## ABOUT THIS TASK
Repeat the listing below exactly from the line with "KP Duisburg w" through its last line. Skip every picture.

## DATA FOR THIS EXERCISE

• • • • • • •

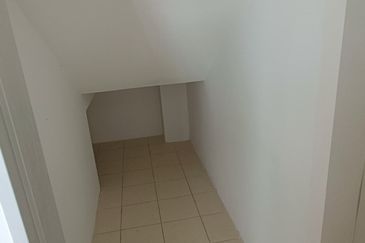 SALE @ END LOT Tmn Akasia Semenyih Townhouse 3 Rooms Freehold Near Nottingham University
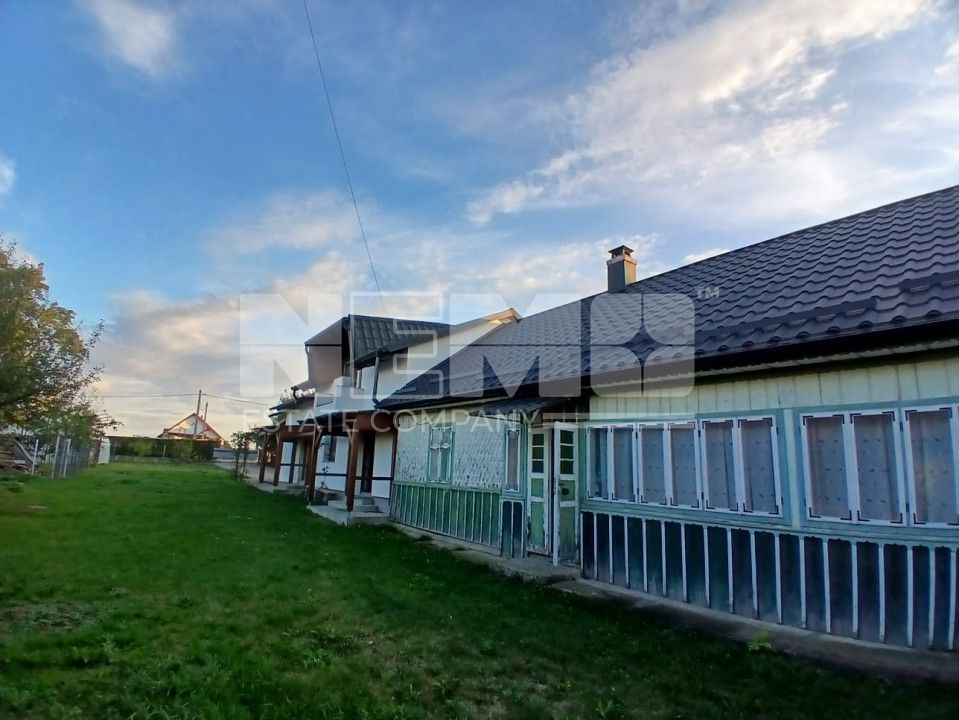 Casa de vanzare Horodnic de Sus zona centrala! - Poză 3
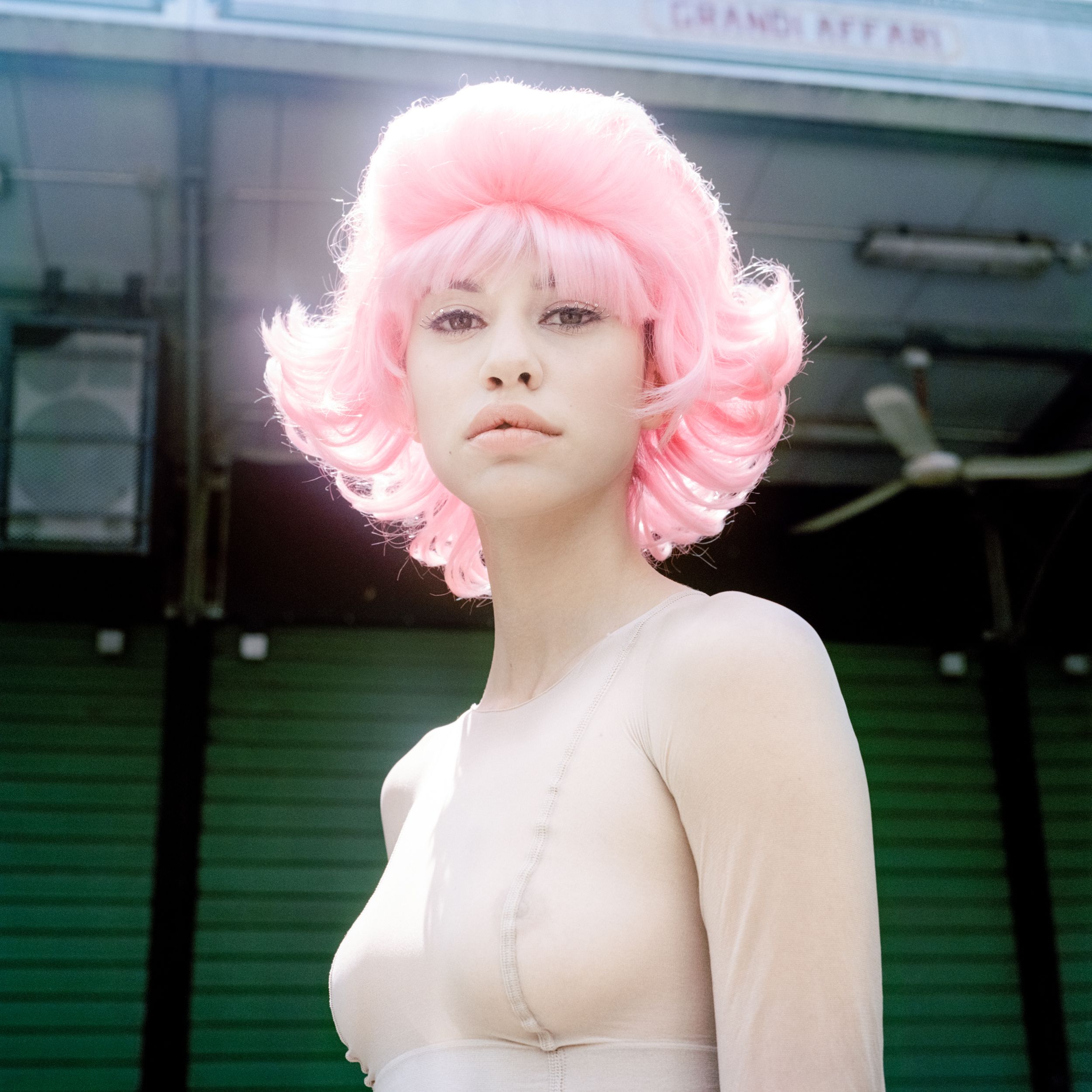 POST-ADOLESCENCE AT WHEN ETHICS MEETS AESTHETICS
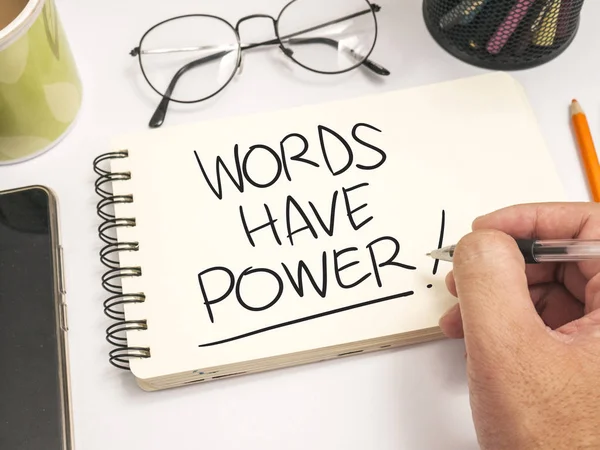 Le parole hanno potere, parole motivazionali Citazioni Concetto — Foto Stock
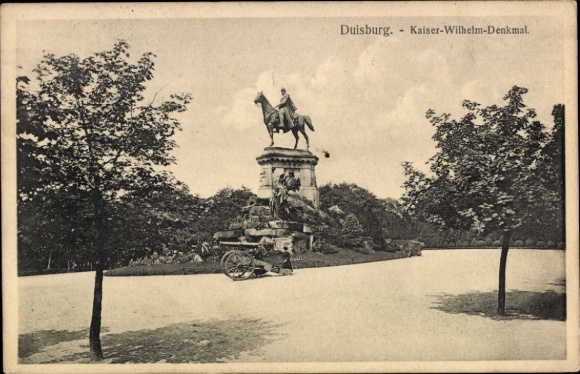 KP Duisburg w Zagłębiu Ruhry, Pomnik Cesarza Wilhelma, pomnik konny, drzewa, ścieżka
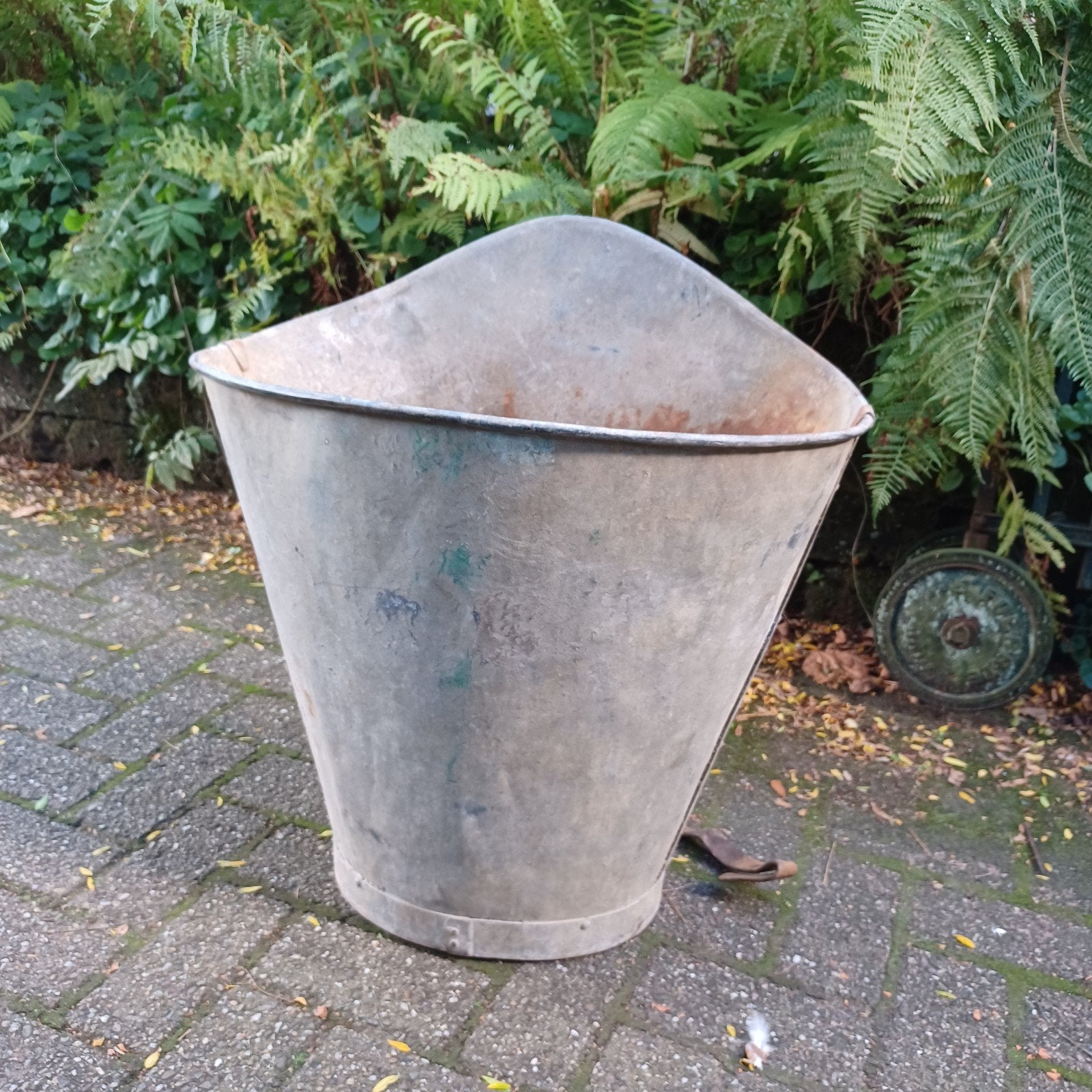 Zinken Franse druiven plukmand, Ophalen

• • • • • • •

## SOLUTION FOR THIS PROBLEM
 KP Duisburg w Zagłębiu Ruhry, Pomnik Cesarza Wilhelma, pomnik konny, drzewa, ścieżka
 Zinken Franse druiven plukmand, Ophalen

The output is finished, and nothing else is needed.